● Data for review:

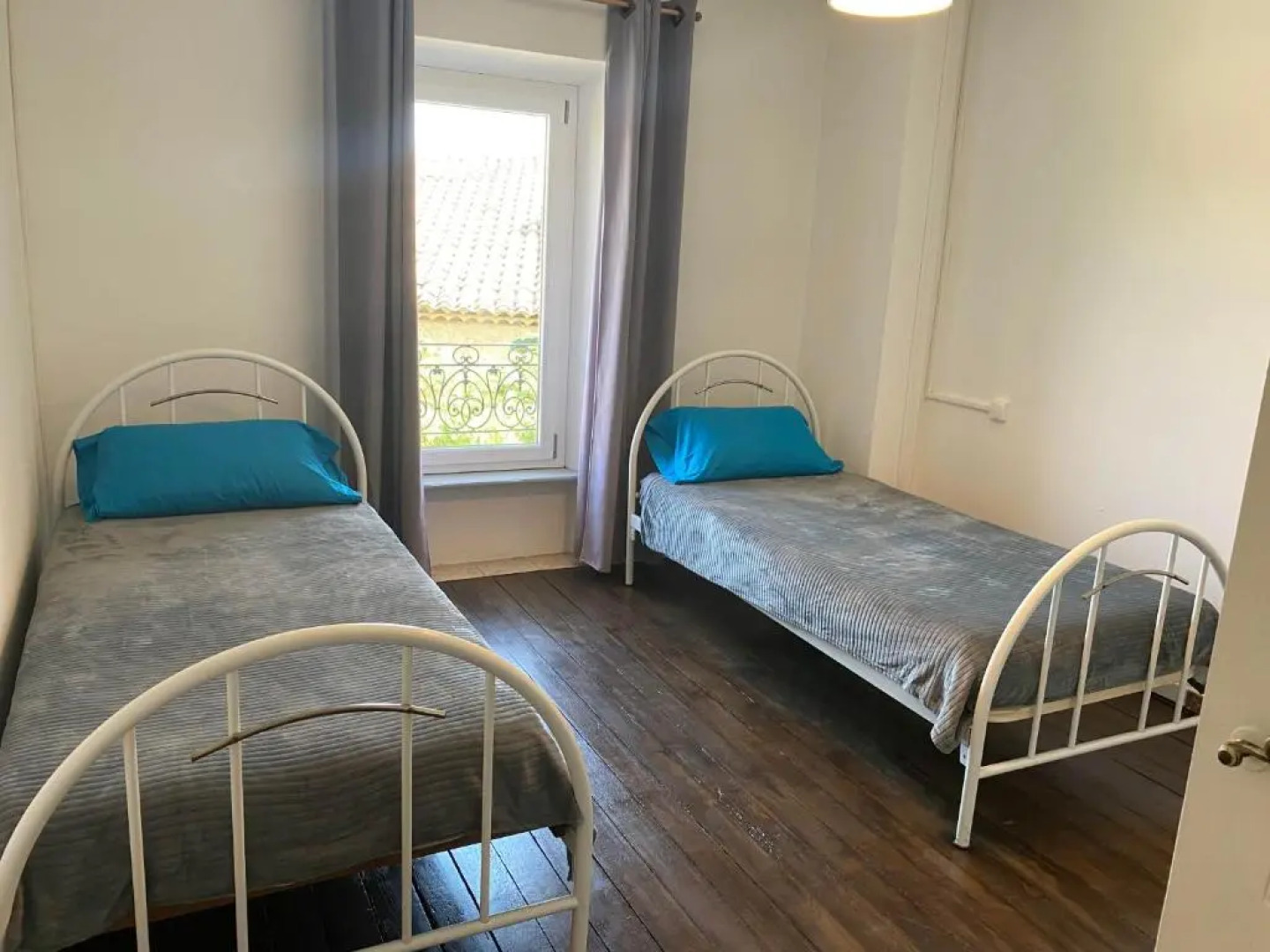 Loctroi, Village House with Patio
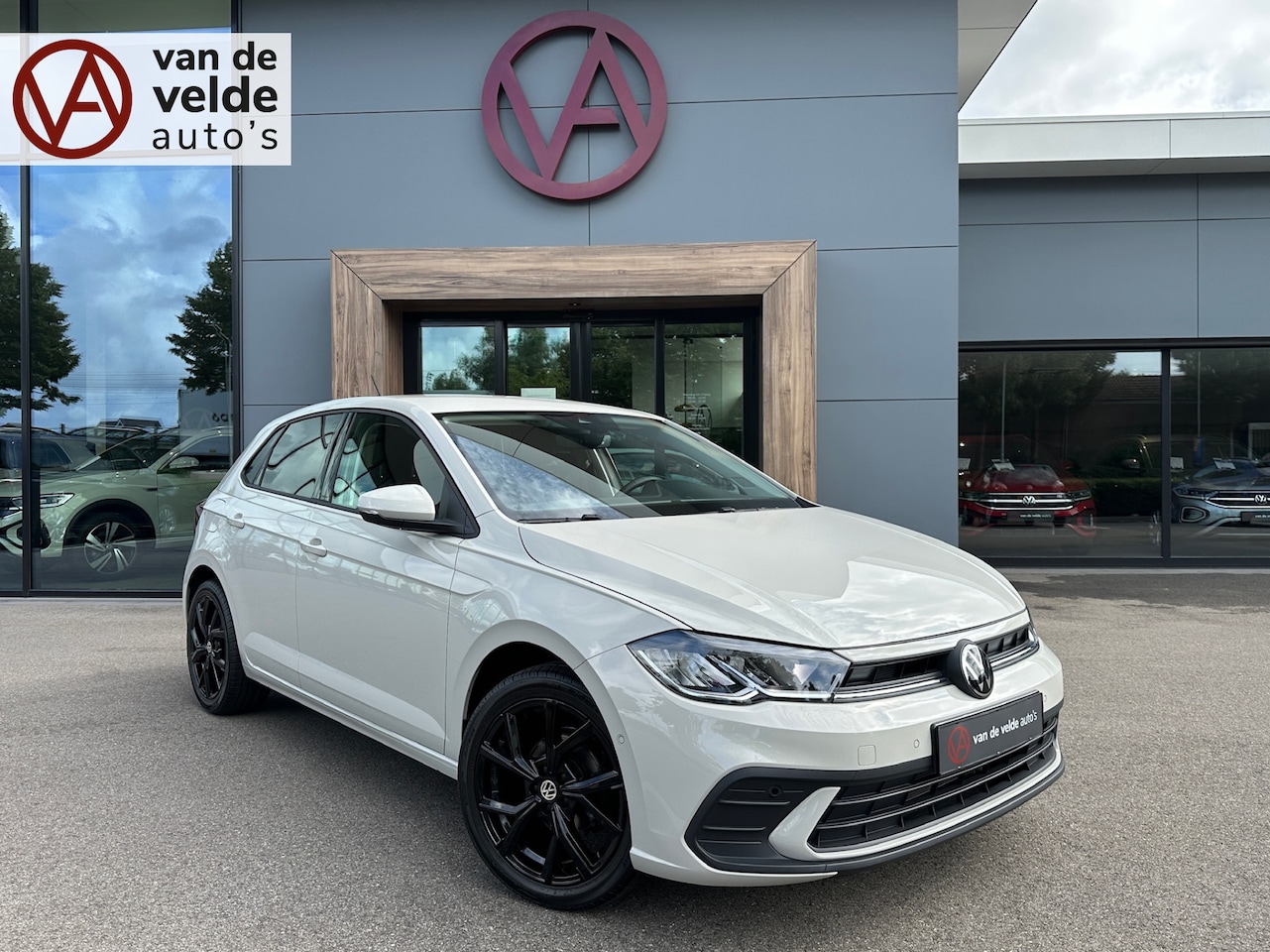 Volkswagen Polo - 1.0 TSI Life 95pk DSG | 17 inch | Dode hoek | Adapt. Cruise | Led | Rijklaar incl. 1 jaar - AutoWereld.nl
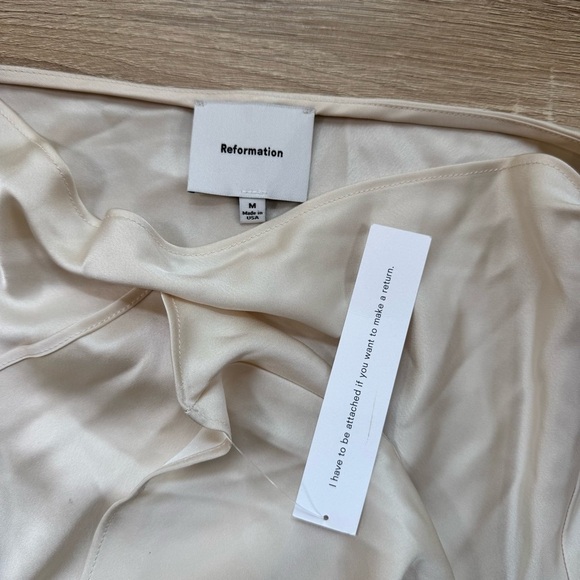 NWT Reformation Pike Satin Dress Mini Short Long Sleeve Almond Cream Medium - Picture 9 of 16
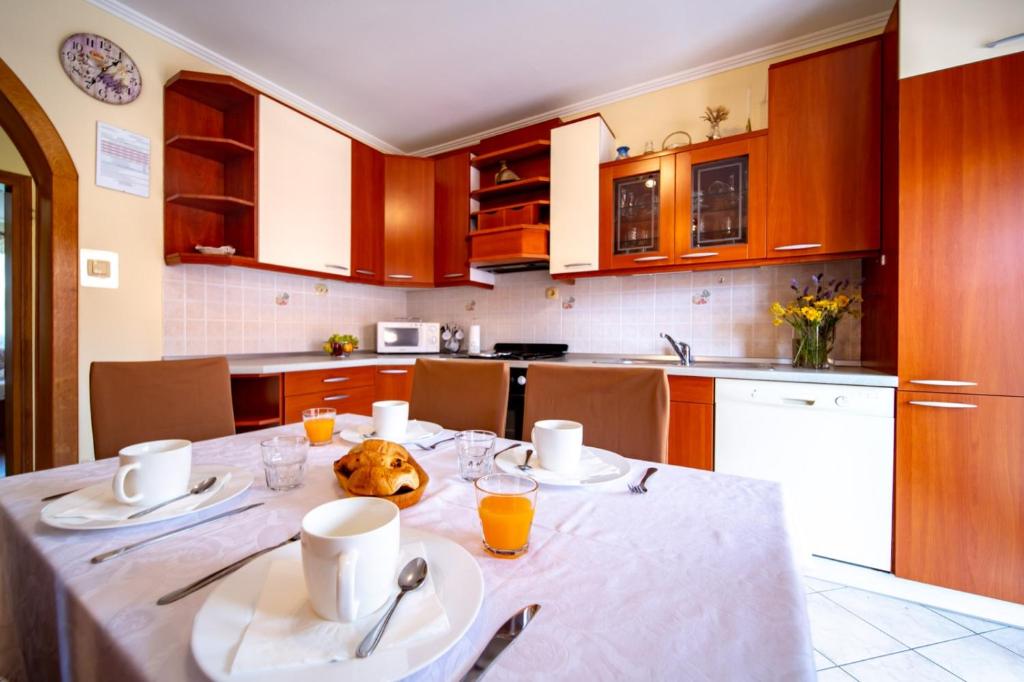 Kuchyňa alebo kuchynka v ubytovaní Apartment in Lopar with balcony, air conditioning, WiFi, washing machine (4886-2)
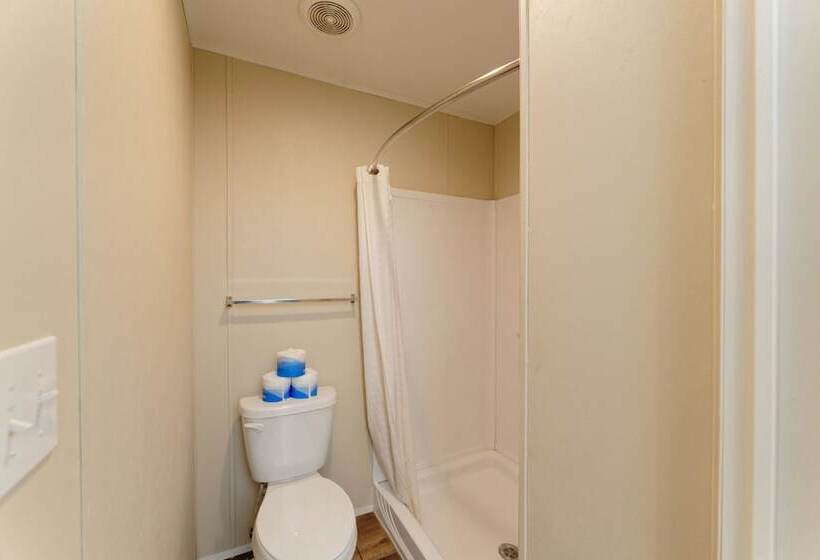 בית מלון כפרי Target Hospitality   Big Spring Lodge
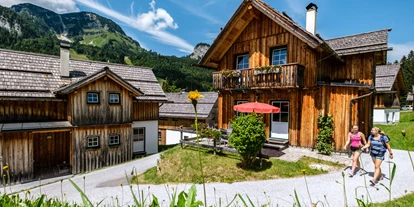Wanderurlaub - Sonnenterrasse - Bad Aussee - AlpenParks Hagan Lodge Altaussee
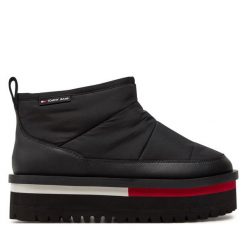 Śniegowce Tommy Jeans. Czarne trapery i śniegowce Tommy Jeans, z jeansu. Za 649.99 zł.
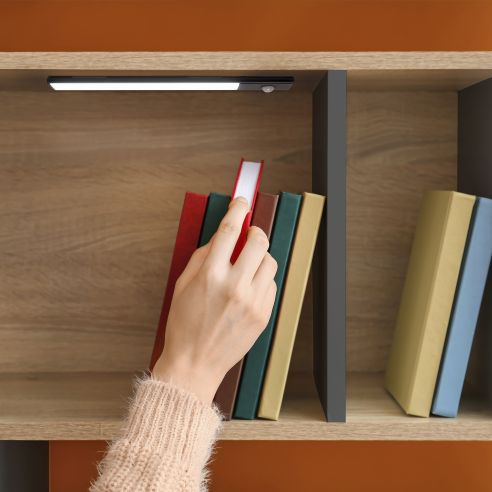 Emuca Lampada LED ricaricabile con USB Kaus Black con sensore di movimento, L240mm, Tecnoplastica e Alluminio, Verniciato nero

● Requirement: Lines from the one containing "Wanderurlaub - Sonnenterrasse" through the end of the entries above, both included, are to be written out exactly; no pictures and no other lines.

● Response to the exercise:
Wanderurlaub - Sonnenterrasse - Bad Aussee - AlpenParks Hagan Lodge Altaussee
 Śniegowce Tommy Jeans. Czarne trapery i śniegowce Tommy Jeans, z jeansu. Za 649.99 zł.
 Emuca Lampada LED ricaricabile con USB Kaus Black con sensore di movimento, L240mm, Tecnoplastica e Alluminio, Verniciato nero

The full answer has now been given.